OneDrive data now has an expiry date

(ms365news.com)

51 points | by taubek 2 hours ago

15 comments

  • bilekas 52 minutes ago
    One drive is an insanely poorly implemented solution to a problem nobody really had.

    For enterprise companies, ones I've worked in at least, they will auto sync the users folder /c/Users/(name) with one drive, but there is some weird alternative they have to set on the windows system to actually use a workspace for the user.

    So when I'm on site somewhere, and have no access to a network that's safe, I can't access files that are in my documents folder, pictures or desktop.. when I never asked OneDrive to lift and shift my days off my machine.

    I've had the guys turn off one drive explicitly on my machine several times but it keeps reactivating itself as soon as I sign back into the AD.

    They can't figure it out, I can't trust it, and the company pays for it.

    • wartywhoa23 3 minutes ago
      >One drive is an insanely poorly implemented solution to a problem nobody really had.

      I highly doubt that the need to steal as much data and media from people to train AI was a problem nobody really had.

      • pezgrande 0 minutes ago
        I'd guess it is more about making companies paying more and higher subs than training data.
    • password4321 23 minutes ago
      Downloads folder to the rescue, hallelujah!
    • PxldLtd 33 minutes ago
      The whole thing is a cobbled together bodge over SharePoint as a backend. I wouldn't ever trust my company data with that dogwater product.
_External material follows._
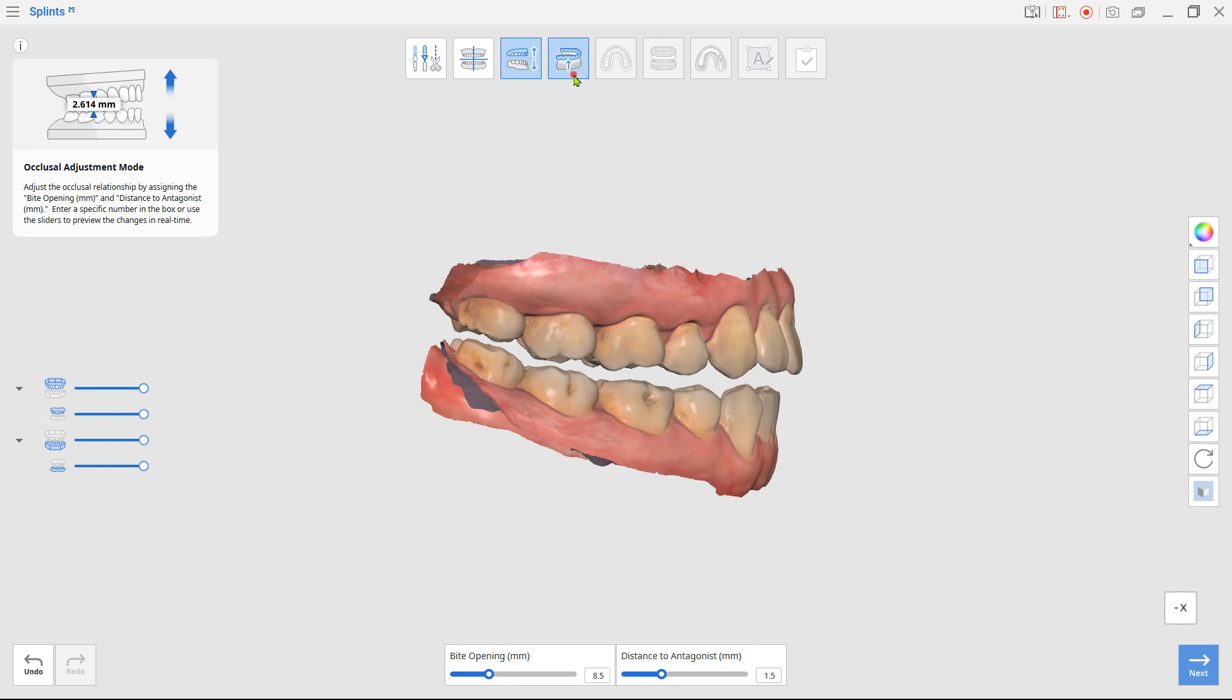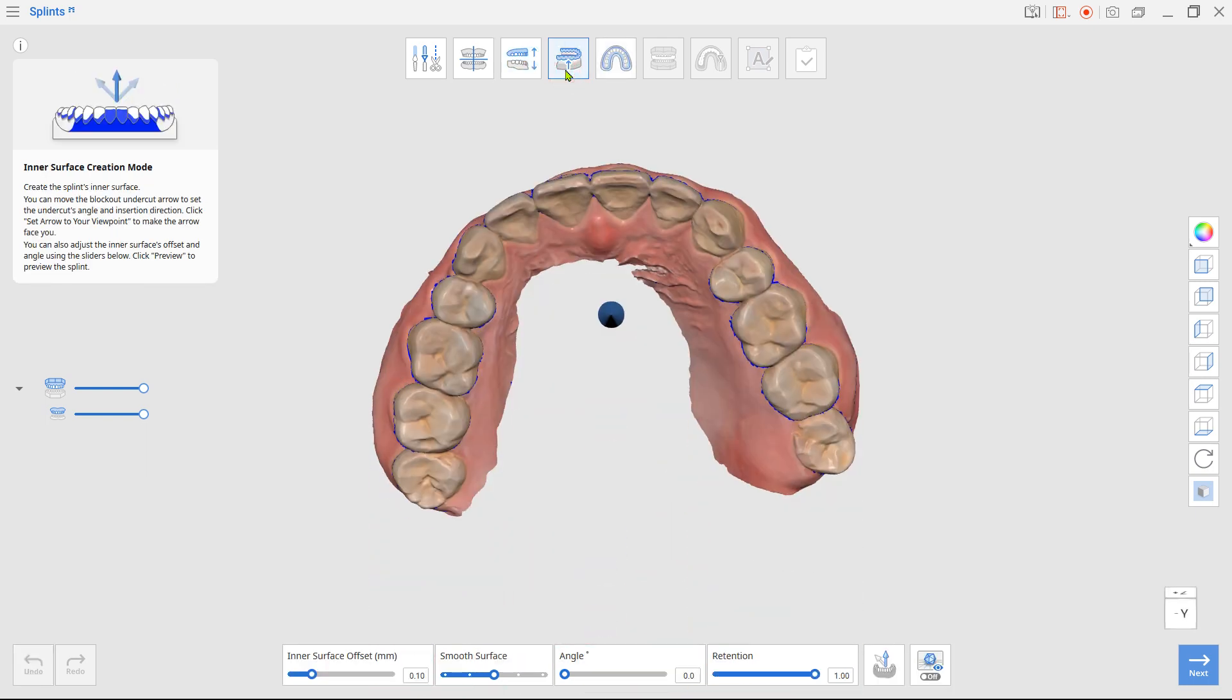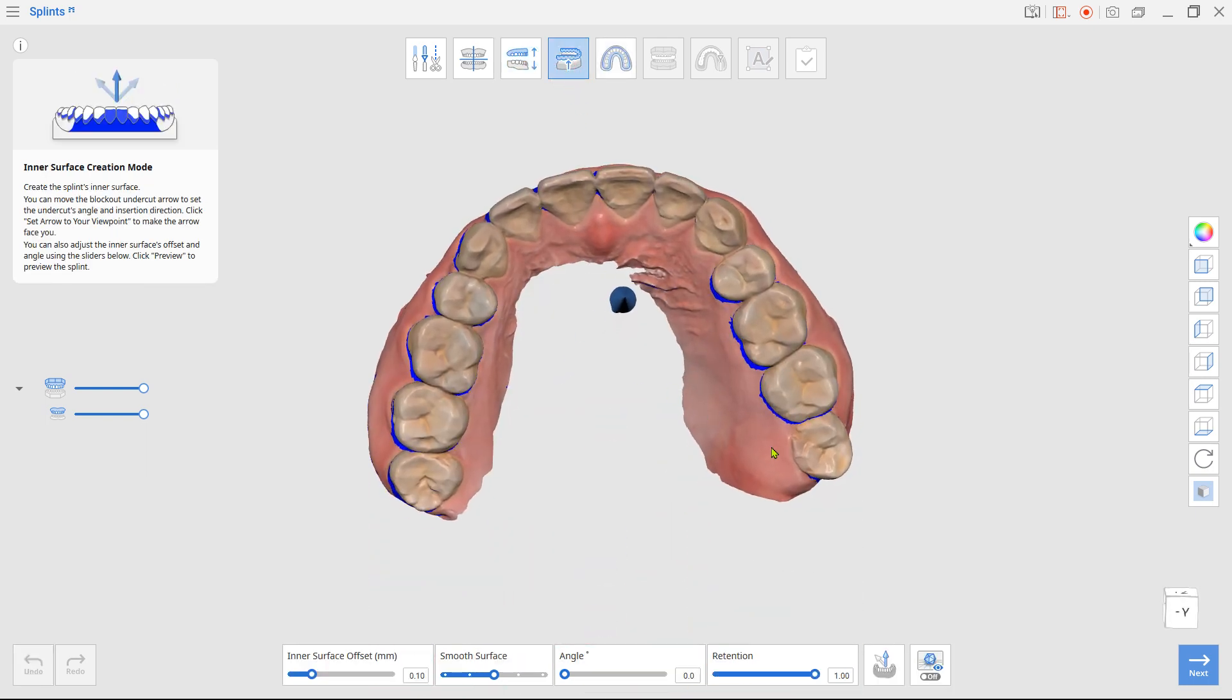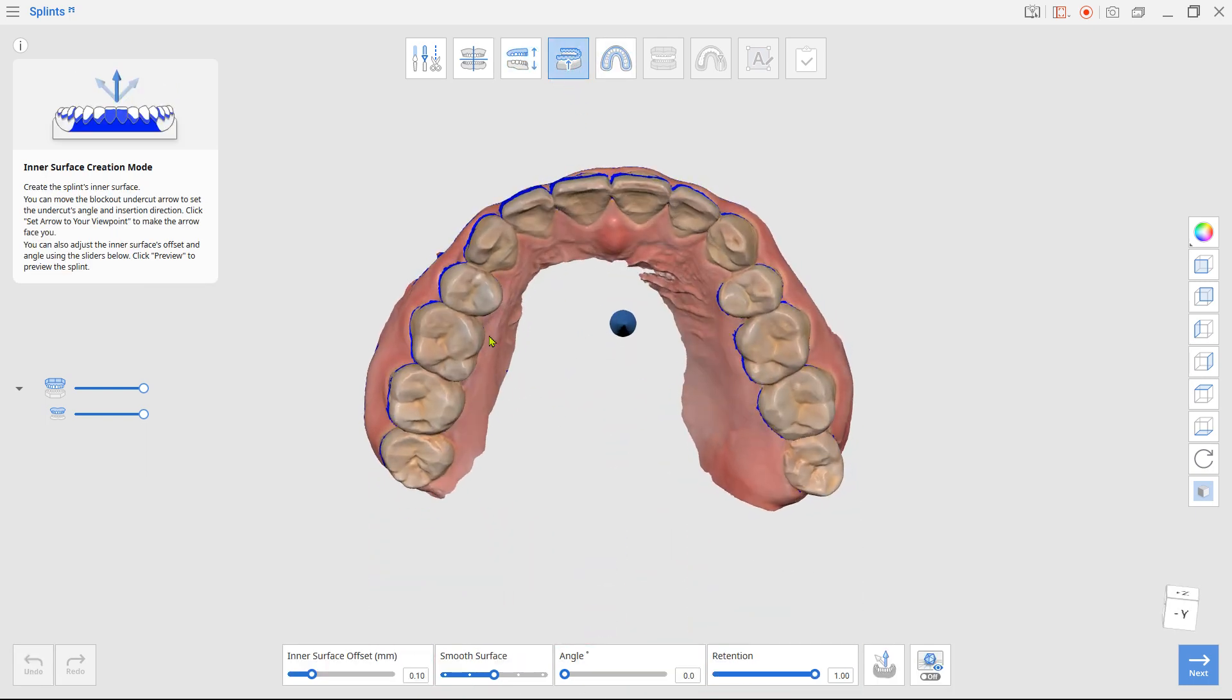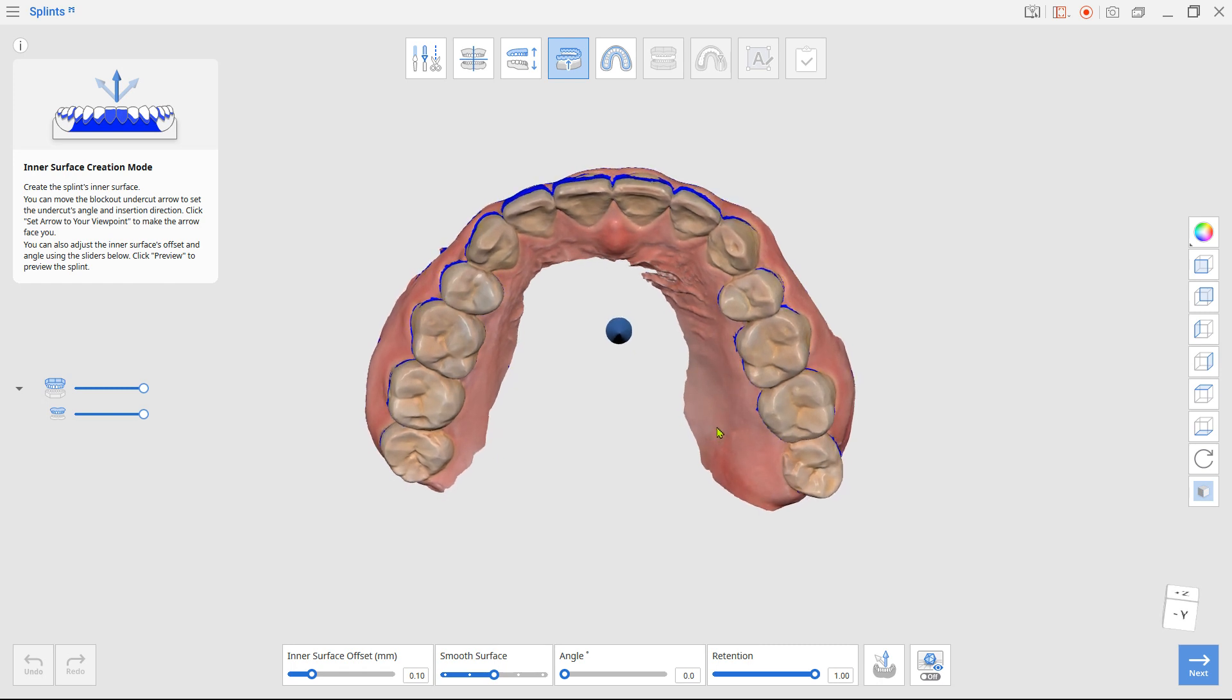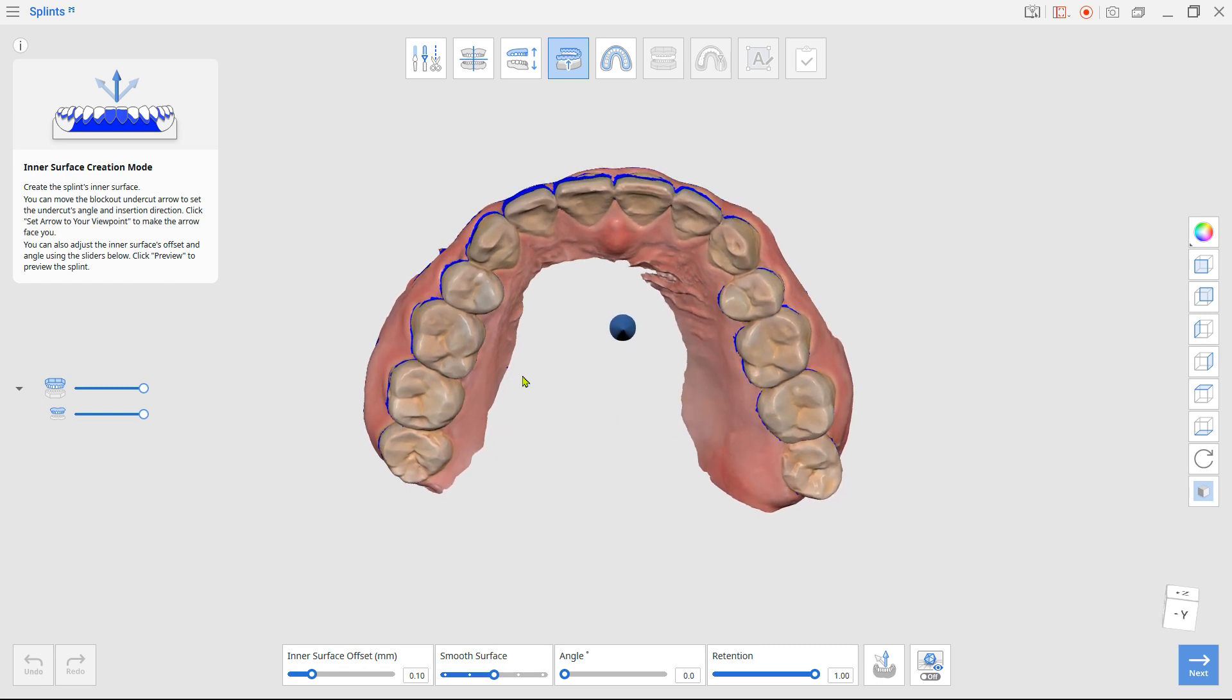Next, in the inner surface creation mode, rotate the arch data to set the insertion path and click set arrow to your viewpoint.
      Back when I had to work with it I found a bug that could cause folders to become un-synced without you realising, meaning changes would not be tracked and cause merge-conflicts when it was fixed.

      Managed to use our Gold partner tickets to raise the issue with the product team, they flat out refused to fix the issue even knowing it was a bug. This was back in 2020 or so, I wonder if they ever fixed that bug. It's pretty simple to reproduce:

      1. - Sync a nested subfolder from Sharepoint

      2. - Sync the parent folder

      3. - Note that the folder synced in 1. is not longer being tracked (no checkmark)
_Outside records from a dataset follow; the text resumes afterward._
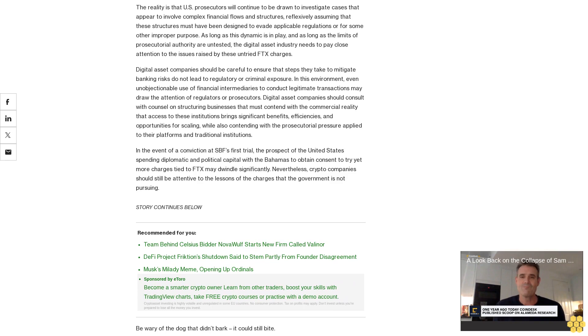Similarly, the outer limits of the federal bribery and honest services criminal statutes came into focus through vigorous litigation arising from contentious and high-profile prosecutions, resulting in convictions that were subsequently overturned by the Supreme Court. The Ripple case reflects a similar effort to push back against SEC regulation by enforcement in the digital asset space.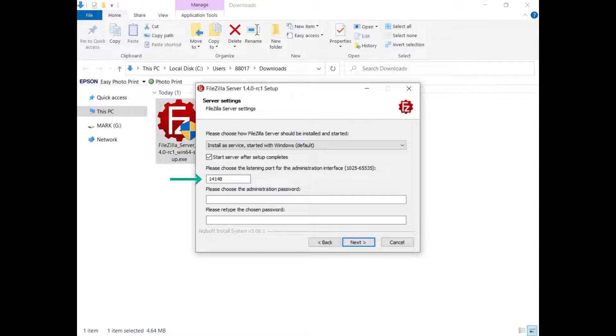You have to set the port on which FileZilla Server will listen to connections from the administration interface. The FileZilla Server port used to serve client connections is set later.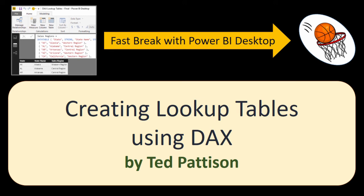Hi this is Ted Pattison with another video in the Fast Break with Power BI Desktop video series. In this video we'll look at creating lookup tables using DAX.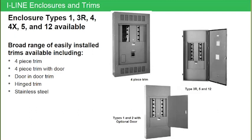So many of the larger I-Line interiors will be limited to not going into a fiberglass enclosure due to the weight. So you would probably for a 4X application, you would need to go with stainless steel.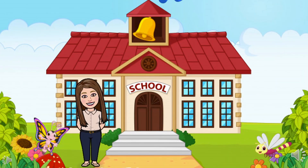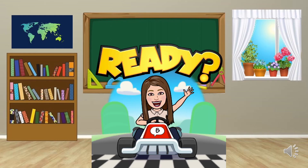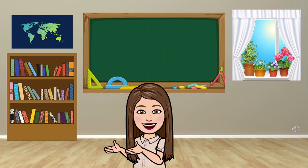Good morning students, welcome to a new English class. Are you ready? Today we're going to talk about greeting cards, but before we do, let's do a review.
      4. - Normal users will now go to folder 1. by default and have no idea none of their changes are no longer being tracked now that it's being synced within folder 2.

      • totetsu 21 minutes ago
        Isn't sharepoint itself a cobbled together on top of Microsoft Exchange mailboxes?
        • skywhopper 16 minutes ago
          Plus some WebDAV hacks via the MS Frontpage HTML editor! Truly great software engineering and design.
    • liamwire 44 minutes ago
      Come on, a problem nobody really had? I wholeheartedly disagree. Data loss and the orthogonal problem of lacking free space on computers is/was a massive problem at enterprise scale and OneDrive, for all its many shortcomings, is well and truly into good-enough territory to cover the 80% case. I'd go so far as to argue that the scenario you've described is by far the less frequent one. And if it frustrates you, you're afforded the ability to designate files and entire folders to be kept downloaded at all times anyway.
      • bilekas 35 minutes ago
        Data loss and storage is always a challenge, that's why companies will have network drives, network storage that's not strongly coupled with your account acess. OneDrive doesn't solve the problem in a clean way. It adds an extra layer of brittleness.
        • zamadatix 3 minutes ago
          Network drives mean no local retention and no real good answer for Windows+Mac+Android+iOS clients to remotely access the files. It also doesn't solve sharing those files externally with granular permissions.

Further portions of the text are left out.